/morphism

Aligning embedding vector differences with uncertain intensional logic differences

Primary LanguageSchemeMIT LicenseMIT

Overview

The goal here is to find out if there is a correspondence between the nodes in the OpenCog intensional reasoning and their corresponding vectors built using various methods. Motivation and preliminary results are detailed in:

For making the embedding vectors, two methods have been implemented at the moment:

  1. DeepWalk

Makes use of the Word2Vec language model to make embeddings for the nodes (as opposed to words in linguistic context) in the AtomSpace. The "sentences" are built by taking "walks" from one node to another through their interconnected links. The likelihood of a walk being selected is based on the TruthValue of each of the links connected to a particular node being looked at during "sentence" construction (as opposed to selecting randomly as done in the original DeepWalk algorithm). On the other hand, the datasets we have been using here are fairly simple, the properties associated with the concepts are "crisp", so the walk are basically chosen randomly. But when a different dataset is used, additional logic should be implemented to handle probabilistic walk selecting.

  1. Fuzzy-membership based

Embedding of a node is built, with an entry correspond to a property found in the AtomSpace, and the value being the TruthValue of the AttractionLink, which reflects if a particular property is more likely to be a property of that node than other nodes.

After building the vectors, some dimension reduction technique can optionally be done (but is actually recommended for the vectors built using the 2nd method because those are very sparse vectors in most cases). Two techniques are implemented at the moment -- PCA and KPCA. For KPCA, two kernel functions can be used:

  1. Tanimoto -- Compute the Tanimoto distance between two vectors
  2. Fuzzy Jaccard -- Compute the intensional similarity using the actual calculation used in the PLN intensional similarity direct introduction rule

The steps in an experiment involved:

  1. Converting the data into Atomese
  2. Generate SubsetLinks and AttractionLinks for the concepts that we are interested in, and calculate TruthValues for them (for PLN intensional reasoning)
  3. Create embedding vectors for the same set of concepts, using either one of the available embedding methods
  4. Randomly select pairs of concepts, and for each pair, compute the intensional similarity and vector distance between them
  5. Calculate the correlation between the intensional similarities and vector distances calculated in the previous step

To Run

First of all, please check out (then build and install) the branch of the PLN repo at https://github.com/leungmanhin/pln/tree/pln-morphism, which include a minor modification that considers the confidence of a TruthValue into the intensional similarity calculation all the time, to be a little more consistent.

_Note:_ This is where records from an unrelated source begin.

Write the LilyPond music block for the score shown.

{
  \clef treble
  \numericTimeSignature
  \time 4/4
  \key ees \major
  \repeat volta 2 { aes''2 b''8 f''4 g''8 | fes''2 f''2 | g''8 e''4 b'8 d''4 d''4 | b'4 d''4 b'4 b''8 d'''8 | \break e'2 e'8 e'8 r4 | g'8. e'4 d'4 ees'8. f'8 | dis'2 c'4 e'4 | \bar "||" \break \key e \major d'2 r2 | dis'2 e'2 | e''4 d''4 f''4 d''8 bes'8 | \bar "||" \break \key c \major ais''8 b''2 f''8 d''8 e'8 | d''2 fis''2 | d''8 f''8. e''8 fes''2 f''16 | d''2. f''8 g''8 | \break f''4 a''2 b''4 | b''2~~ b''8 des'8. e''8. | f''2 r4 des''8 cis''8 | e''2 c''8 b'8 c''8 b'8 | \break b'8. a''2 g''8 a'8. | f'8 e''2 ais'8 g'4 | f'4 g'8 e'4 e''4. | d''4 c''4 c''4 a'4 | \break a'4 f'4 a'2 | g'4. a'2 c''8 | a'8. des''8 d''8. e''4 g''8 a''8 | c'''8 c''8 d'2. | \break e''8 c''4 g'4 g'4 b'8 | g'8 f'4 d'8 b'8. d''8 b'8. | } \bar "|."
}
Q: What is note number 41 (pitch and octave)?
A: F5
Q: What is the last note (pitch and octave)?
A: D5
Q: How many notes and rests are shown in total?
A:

In this repository, there are two Python scripts, correspond to either the toy dataset that's made for testing purpose only, or the Social Network: MOOC User Action Dataset.

There is an additional script main.py, which is used to control what functions to be called for the experiment, e.g. load embeddings vs generate embeddings, be sure to check out what's in there, comment/uncomment out the parts that are needed or not, before running it via the following command:

python3 -B main.py

The results will be output to a CSV file under results directory.